Code and Datasets for "Host specificity-guided graph autoencoder for predicting phage-host interaction"

Developers

Zhen Xiao ([email protected]) and Xingpeng Jiang ([email protected]) from School of Computer Science, Central China Normal University.

Datasets

  • data/PHI_all.csv is the dataset with known phage-host pairs between bacteriophages and hosts from different taxa.
  • data/phage_ncbi.txt is used to download the gene sequence and protein sequence information of all bacteriophages (fasta file and gb file).
  • data/DNA_f is a set of files with features encoded by DNA sequences corresponding to all phages.
  • data/Protein_f is a set of files with features encoded by protein sequences corresponding to all phages.
  • data/dnapro_f is a set of files with features encoded by DNA sequences and protein sequences corresponding to all phages.
  • data/phage_host.csv is a dataset representing the interaction matrix between bacteriophages and hosts.
  • data/phage_sim.csv is a dataset representing the refined phage-phage connection network.
  • data/host_I.csv is is a dataset representing the host-host connection network.

Environment Requirement

The code has been tested running under Python 3.7 and R 4.2.0. The required packages are as follows:

  • numpy == 1.21.5
  • pandas == 1.3.5
  • tensorflow == 1.15.0
  • keras == 2.3.1
  • torch == 1.4.0+cpu
  • ExPASy

Usage

Users can use their own data to train prediction models. If you want to train PHISGAE with your own dataset, you need to go through the following two processes: 1 Prepare the dataset and 2 Predicting phage-host interactions. In the meantime, we have provided the data that has been processed and you can implement PHISGAE directly using procedure: 2 Predicting phage-host interactions.

1 Prepare the dataset

git clone https://github.com/JennyX212/PHISGAE
cd PHISGAE/code
python dna_f.py   
python pro_f.py   ####compute features derived from DNA and protein sequences
  1. Download all phage DNA and protein sequences from NCBI batchentrez, named phage.fasta and phage.gb into the data folder.
  2. Run python dna_f.py and python pro_f.py to compute the features derived from DNA and protein sequences. Note If your protein sequences in one .gb file, you need to run python protein_processing.py to split them into different .txt files.
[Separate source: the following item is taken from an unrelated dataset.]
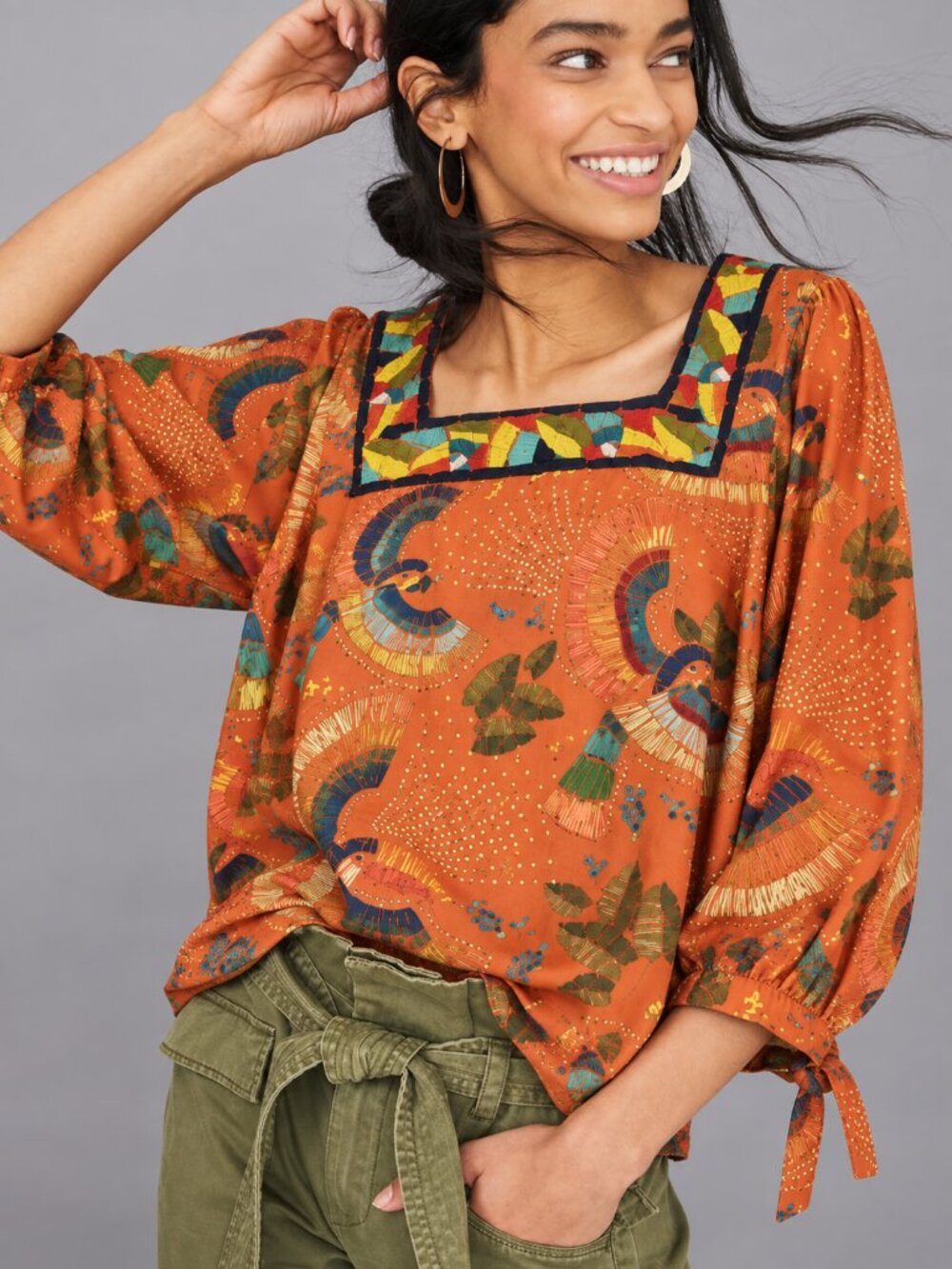 FARM RIO x Anthropologie Bianca Tropical Bird Orange Embroidered Top SZ Small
For phages missing protein sequence information, you can use the ExPASy tool to translate their gene sequence into protein sequence.
  3. Use python sim.py and module ## Other similarity calculation method ## in data_processing.R to calculate the different similarity matrix between phages with data/dna_pro_f/phage_dna_pro.csv.
  4. Use module KNN graph in data_processing.R to obtain refined phage-phage connection network.
  5. Use python hostI.py to generate a represention of host-host connection network.
  6. Convert the known phage-host pairs into different interaction matrices by running python RAWA.py

2 Predicting phage-host interactions

  • tensorflow == 1.15.0
git clone https://github.com/JennyX212/PHISGAE
cd PHISGAE/code
python main.py  --input = "input_path" --output = "output_path"	 #### train model and get the prediction result

You just need to run python main.py and type input =../data/train/species/ to train PHISGAE and get the result of PHISGAE for predicting phage-host interactions at species level. You can save the result by typing output ="output_path", where "output_path" is the file path of the outcome. Besides, if you want the prediction results at different taxonomic level, you can directly modify the input path when typing input = and change "species" to the other taxonomic level.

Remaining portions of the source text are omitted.